Camille Being A Literal B****, Reilly Putting "Momma" & Herself In Danger, Updates, And Still Waiting On Reilly's "Daddy"


  1. Just now, Reilly sat on "Mom-Mom"'s lap—and only to literally get b**** at by Camille—Camille decided to aggressively growl and even (according to Camille's "Mimi") bite Reilly. Of course, "Mom-Mom" and "Mimi" soundly reprimanded Camille.
  2. Reilly's pink extendable leash is still in the backyard with "Momma"'s cart in which it is stuck—and Reilly is very lucky that neither she nor "Momma" were hurt when the cart fell and when one of the solar lamps' lids fell onto the ground.

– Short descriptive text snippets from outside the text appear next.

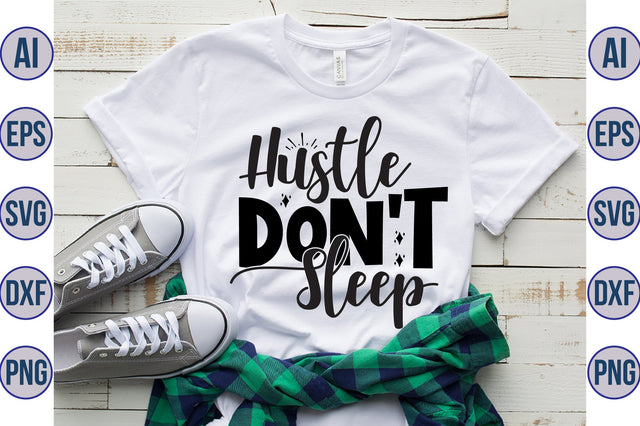 Hustle Don't Sleep svg SVG orpitasn 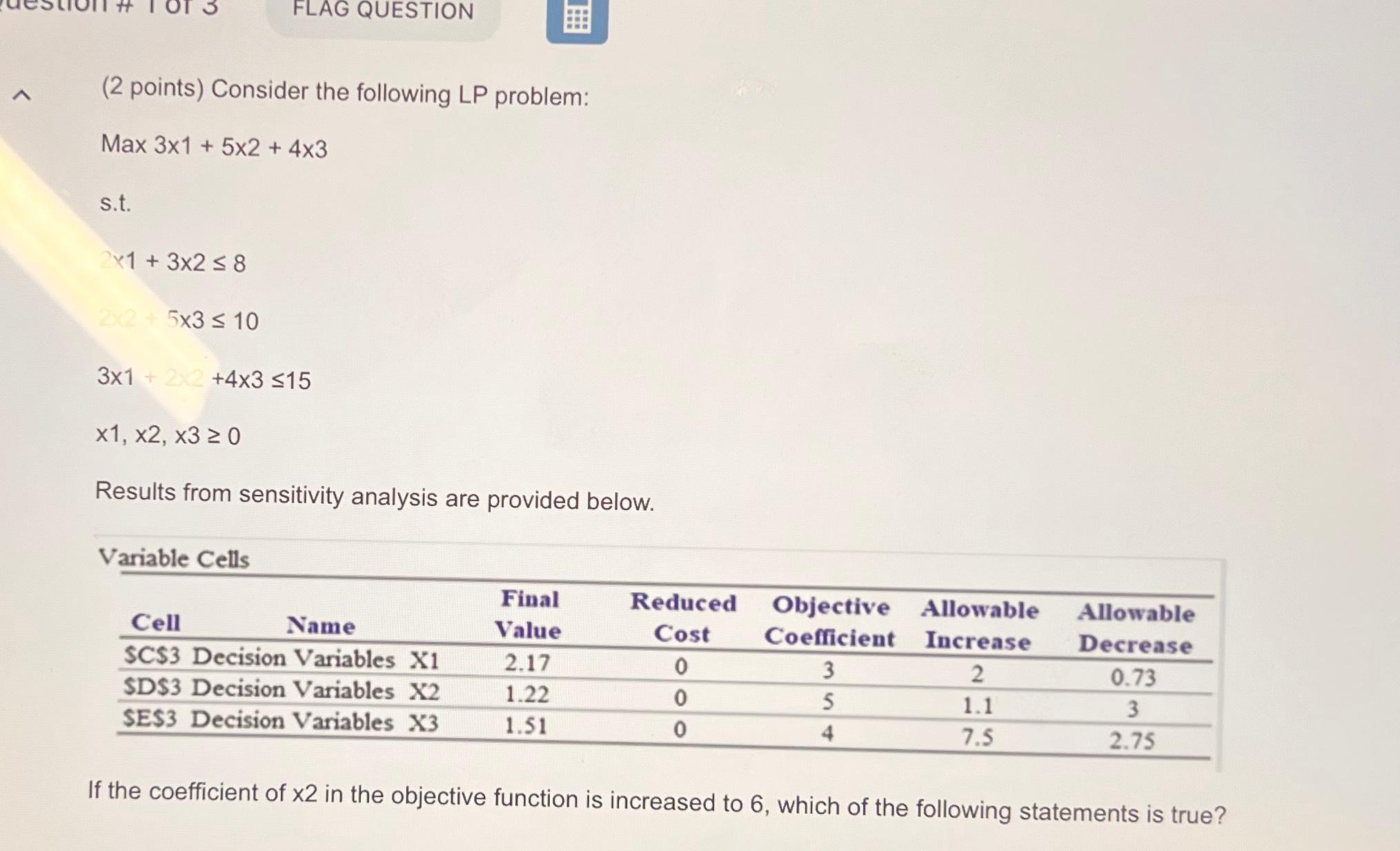 UESTION (2 points) Consider the following LP problem: Max + + 4x3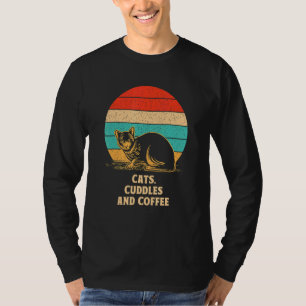 Cats Cuddles and Coffee Cat   Coffee   Kitten T-Shirt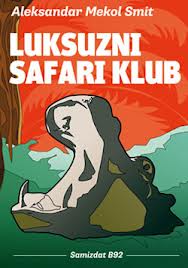 luksuzni safari klub aleksandar mekol smit 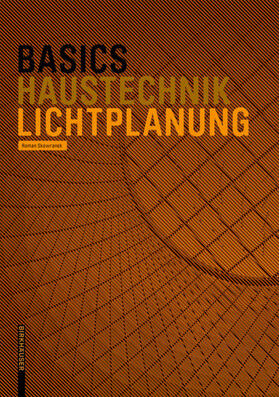 Skowranek | Basics Lichtplanung | Buch | 978-3-0356-0929-5 | sack.de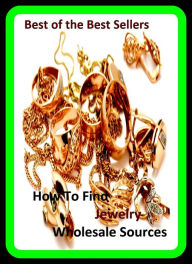 Title: Best of the best sellers How To Find Jewelry Wholesale Sources (bracelet, brooch, costume, earring, gem, glass, gold, jewel, knickknack, necklace), Author: Resounding Wind Publishing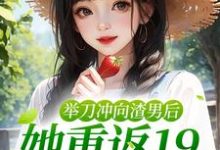 举刀冲向渣男后，她重返19逆天改命小说完结了吗？在哪里可以免费读到？-侠客文学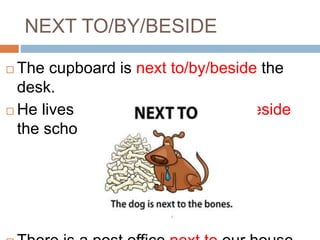 NEXT TO/BY/BESIDE 
 The cupboard is next to/by/beside the 
desk. 
 He lives in the house next to/by/beside 
the school. 
 There is a post office next to our house. 
 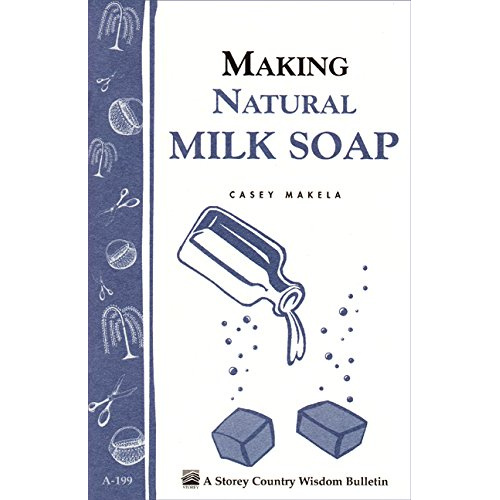 

MAKING NATURAL MILK SOAP (BY CASEY MAKELA)
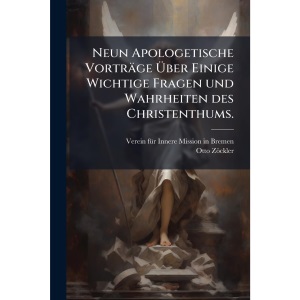 Neun Apologetische Vorträge Über Einige Wichtige Fragen und Wahrheiten des Christenthums.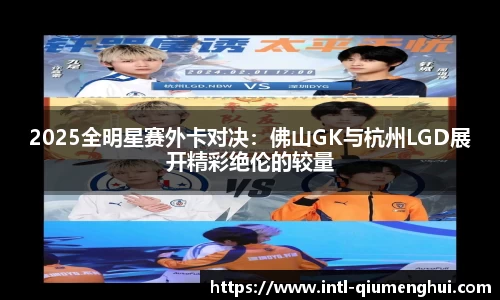 2025全明星赛外卡对决：佛山GK与杭州LGD展开精彩绝伦的较量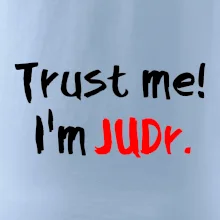 Trust me I´m  JUDr. / Ver mi som právnik Trust me I´m  JUDr. / Ver mi som právnik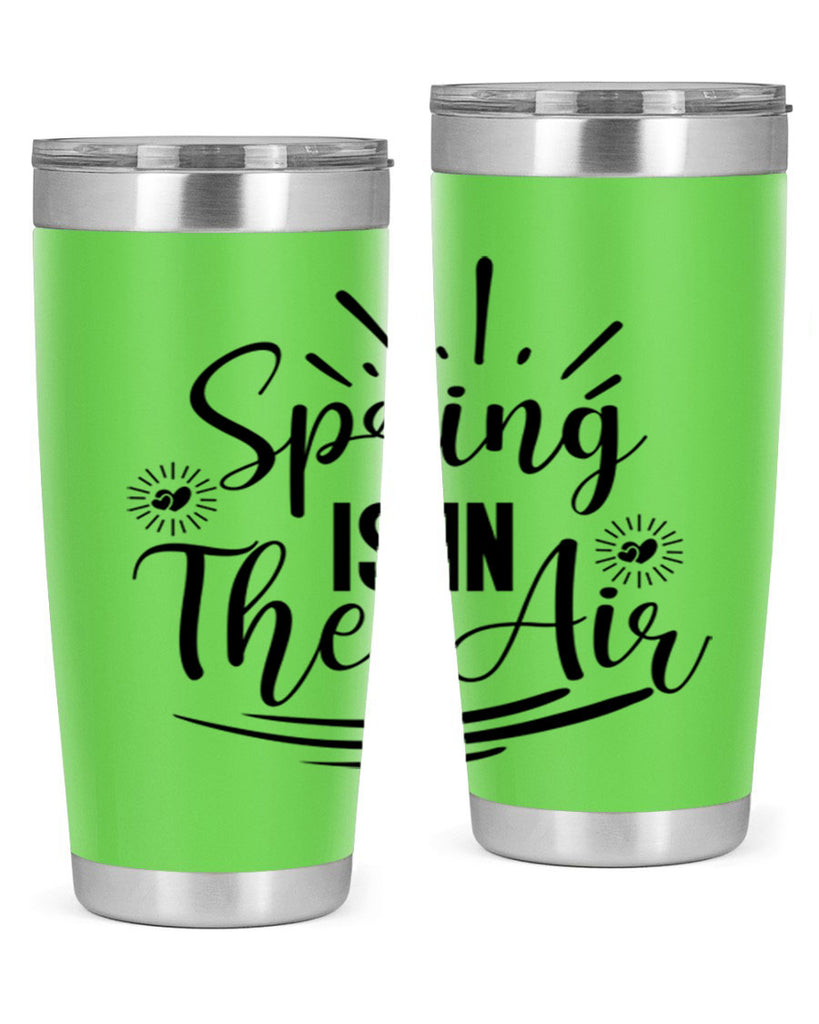 Spring Is In The Air 458#- spring- Tumbler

To make a long story short, Reilly decided that not finding her "potty spot", coming when she was called, listening when she was told "No pull", or avoiding "nasties" was okay—and the only way that "Momma" got Reilly back up on the porch is by pulling on the rope of the extendable pink leash—and Reilly is also lucky that she has a harness and not a collar to which to attach her leash.
  3. The paperback edition of Reilly's book is finally on Amazon!
  4. In the midst of all this, meanwhile..."Momma" still has a broken-as-Hell heart. As much as Reilly is her "Momma"'s filial "Valentine", she can't be "Momma"'s overall "Valentine"—besides, as today's incident demonstrates, Reilly needs a "Daddy" whom can be a "Valentine" for "Momma" and help "Momma" reign her in a little bit—and "Momma" hasn't given up on whom she thinks might be Reilly's "Daddy" down the road if God wills.

Tuesday, February 7, 2017

A Literal Bone To Pick With Reilly, An Update On Reilly's Book, And Still Waiting On Reilly's "Daddy"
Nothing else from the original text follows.